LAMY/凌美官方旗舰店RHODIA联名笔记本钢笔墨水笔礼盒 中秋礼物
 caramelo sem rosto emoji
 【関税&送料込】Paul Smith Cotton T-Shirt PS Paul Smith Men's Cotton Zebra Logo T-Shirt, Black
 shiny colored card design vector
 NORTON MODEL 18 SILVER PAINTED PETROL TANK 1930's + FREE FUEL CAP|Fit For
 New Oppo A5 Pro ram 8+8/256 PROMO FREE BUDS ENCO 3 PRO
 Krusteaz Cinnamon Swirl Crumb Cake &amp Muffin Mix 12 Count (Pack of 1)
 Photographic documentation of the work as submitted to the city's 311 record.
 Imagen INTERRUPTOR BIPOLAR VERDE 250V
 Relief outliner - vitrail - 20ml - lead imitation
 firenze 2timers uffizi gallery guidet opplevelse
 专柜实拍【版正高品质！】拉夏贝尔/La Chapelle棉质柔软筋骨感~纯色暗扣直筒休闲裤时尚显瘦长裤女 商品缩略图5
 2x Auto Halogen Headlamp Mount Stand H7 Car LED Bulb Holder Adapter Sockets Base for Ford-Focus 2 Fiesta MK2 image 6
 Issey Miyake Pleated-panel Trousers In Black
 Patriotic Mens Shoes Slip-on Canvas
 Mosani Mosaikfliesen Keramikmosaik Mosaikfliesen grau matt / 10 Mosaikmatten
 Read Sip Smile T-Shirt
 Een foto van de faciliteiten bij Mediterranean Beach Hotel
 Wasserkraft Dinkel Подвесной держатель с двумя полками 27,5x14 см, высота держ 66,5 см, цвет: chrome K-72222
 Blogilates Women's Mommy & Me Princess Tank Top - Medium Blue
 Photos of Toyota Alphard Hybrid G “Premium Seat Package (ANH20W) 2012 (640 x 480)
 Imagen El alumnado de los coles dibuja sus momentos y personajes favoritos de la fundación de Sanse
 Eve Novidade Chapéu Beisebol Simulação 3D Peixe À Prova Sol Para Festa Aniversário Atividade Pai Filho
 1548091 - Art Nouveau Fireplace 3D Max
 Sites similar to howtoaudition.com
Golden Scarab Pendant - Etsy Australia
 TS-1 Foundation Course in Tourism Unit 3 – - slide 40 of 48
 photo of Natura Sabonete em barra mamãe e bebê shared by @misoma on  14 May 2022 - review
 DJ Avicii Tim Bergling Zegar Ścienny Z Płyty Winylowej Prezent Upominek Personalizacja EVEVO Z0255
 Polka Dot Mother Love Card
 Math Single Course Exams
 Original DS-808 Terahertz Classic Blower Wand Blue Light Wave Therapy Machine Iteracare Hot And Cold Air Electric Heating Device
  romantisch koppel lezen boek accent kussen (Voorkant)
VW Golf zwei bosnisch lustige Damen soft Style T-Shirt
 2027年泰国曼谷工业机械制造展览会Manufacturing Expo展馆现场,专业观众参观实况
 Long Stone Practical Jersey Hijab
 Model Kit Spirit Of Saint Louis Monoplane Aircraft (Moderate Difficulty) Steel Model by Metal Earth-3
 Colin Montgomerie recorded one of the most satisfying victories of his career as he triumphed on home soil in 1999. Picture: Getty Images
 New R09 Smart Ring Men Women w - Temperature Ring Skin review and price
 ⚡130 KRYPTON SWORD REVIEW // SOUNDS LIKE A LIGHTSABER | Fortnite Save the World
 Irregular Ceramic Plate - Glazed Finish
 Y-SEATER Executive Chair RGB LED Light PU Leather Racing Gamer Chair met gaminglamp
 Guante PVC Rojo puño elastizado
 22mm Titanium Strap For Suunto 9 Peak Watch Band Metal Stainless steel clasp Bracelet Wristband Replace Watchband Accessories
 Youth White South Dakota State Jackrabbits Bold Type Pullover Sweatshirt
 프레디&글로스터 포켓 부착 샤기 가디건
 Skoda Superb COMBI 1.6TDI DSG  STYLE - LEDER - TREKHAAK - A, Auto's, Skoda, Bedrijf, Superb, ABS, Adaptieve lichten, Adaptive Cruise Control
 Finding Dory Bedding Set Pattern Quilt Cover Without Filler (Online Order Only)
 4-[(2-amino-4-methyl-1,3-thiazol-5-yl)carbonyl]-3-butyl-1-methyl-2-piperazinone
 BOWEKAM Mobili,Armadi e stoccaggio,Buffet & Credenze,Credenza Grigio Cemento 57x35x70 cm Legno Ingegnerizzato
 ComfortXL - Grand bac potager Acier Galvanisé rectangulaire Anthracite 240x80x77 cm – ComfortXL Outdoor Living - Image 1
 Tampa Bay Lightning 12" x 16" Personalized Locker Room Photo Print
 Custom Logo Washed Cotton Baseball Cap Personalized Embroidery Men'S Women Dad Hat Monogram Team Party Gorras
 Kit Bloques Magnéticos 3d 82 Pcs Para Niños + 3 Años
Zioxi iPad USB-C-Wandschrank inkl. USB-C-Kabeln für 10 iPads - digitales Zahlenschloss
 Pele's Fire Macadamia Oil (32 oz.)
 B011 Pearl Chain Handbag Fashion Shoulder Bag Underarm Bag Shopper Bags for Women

━━━━━━

■ **Aim of the task**
Above this task is a listing. Restate, word for word and with nothing added, the lines from the one with "프레디&글로스터 포켓 부착 샤기 가디건" through the one with "BOWEKAM Mobili,Armadi e".

■ **Reply to the exercise**
 프레디&글로스터 포켓 부착 샤기 가디건
 Skoda Superb COMBI 1.6TDI DSG  STYLE - LEDER - TREKHAAK - A, Auto's, Skoda, Bedrijf, Superb, ABS, Adaptieve lichten, Adaptive Cruise Control
 Finding Dory Bedding Set Pattern Quilt Cover Without Filler (Online Order Only)
 4-[(2-amino-4-methyl-1,3-thiazol-5-yl)carbonyl]-3-butyl-1-methyl-2-piperazinone
 BOWEKAM Mobili,Armadi e stoccaggio,Buffet & Credenze,Credenza Grigio Cemento 57x35x70 cm Legno Ingegnerizzato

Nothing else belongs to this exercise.